FAQs in Using Valves
1. Why is the sanitary double seat valve easy to oscillate when working?
For single-core, when the medium is an open type, the valve stability is good; when the medium is a closed type, the valve stability is poor. The double seat valve has two spools, the lower spool in the flow closed state, and the spool in the open state. In this way, when the valve is working, the flow of the closed spool easily leads to valve vibration. This is why a double seat valve cannot be used for small openings.
2. Why double seal valve cannot be used as a shut-off valve?
The double seat valve core has the advantage of a force balance structure, allowing a larger pressure drop, but its biggest drawback is that the two sealing surfaces cannot be in perfect connection at the same time, resulting in a huge leak. If it is artificially and forcefully cut off, the effect is clearly not good. Even for it made many improvements (such as a double seal sleeve valve), is not effective.
3. Why does the straight stroke adjustment valve appear to have poor anti-blocking performance, while the angular stroke valve anti-blocking performs well?

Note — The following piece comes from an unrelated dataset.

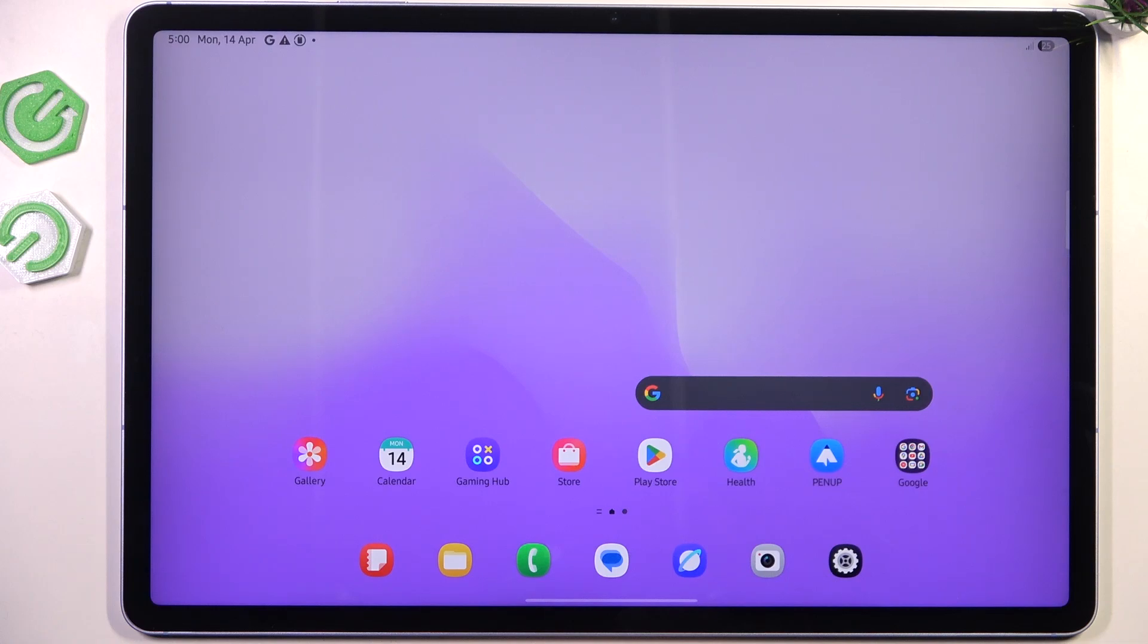Hi everyone, in front of me I've got Galaxy Tab S10 FE Plus and let me show you how to add the fingerprint to this device.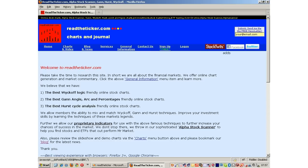Welcome to ReadTheTicker.com. This is an introductory video as to why this site. Simply, we are an online charting resource for the application of investing legendary methods of Gann, Wyckoff and Hurst. We also throw in our proprietary trend tools and stock alpha scanner. So let's have a look around.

The straight stroke adjustment valve spool is a vertical throttling, but the medium is horizontal when inflow and outflow. In this way, the flow channel in the valve cavity must be distorted so that the flow path of the valve becomes quite complicated (the shape is inverted “S”). There are many dead zones, thus providing room for precipitation of the medium. In the long run, congestion takes shape. On the contrary, an angular stroke valve is not a vertical throttling. The entrance and exit of the medium are horizontal, which is easy to remove the dirty matters. At the same time, its flow path is simple, medium precipitation space is also small, so the angular stroke valve has a better performance in anti-blocking.
4. Why is the stem of the straight stroke adjustment valve thin?
It involves a simple mechanical principle: sliding friction is large, and rolling friction is small. When the valve stem of the straight-stroke valve moves up and down, the packing is slightly compressed, and it will pack the valve stem tightly and produce a large backlash. To this end, the stem design is very small and the filler also commonly uses PTFE small friction coefficient in order to reduce backlash. However, the resulting problem is a thin stem that is easy to bend, and the filler life is also short. To solve this problem, the best way is to use the trip valve stem, that is, the type of angular travel control valve. Its stem is 2 to 3 times thicker than the straight stroke stem. And if a filler of long-life graphite is chosen, the valve stem becomes stiff. But the friction torque is small, and hysteresis is small as well.
5. Why shut-off valve should try hard seal?
The shut-off valve requires leakage as low as possible. The leakage of the soft-sealed valve is the lowest, and its cut-off effect is very good. But it is not wear-resistant, and its reliability is poor. From the double standards of small leakage and reliable seal, the soft seal is not as good as a hard seal. Such as a full-function ultra-light control valve, sealed and piled with wear-resistant alloy protection, has high reliability. A leakage rate of 10-7 has been able to meet the requirements of the shut-off valve.
6. Why is shape selection more important than calculation?
For calculation and shape selection, the latter is more important and complex. Because the calculation is just a simple formula process, it does not depend on the accuracy of the formula itself, but on the accuracy of the given process parameters. Selection involves much more; a little mistake will result in improper shape selection. It will not only waste human, material, and financial resources, but also result in a number of usage problems such as reliability, life expectancy, and operational quality.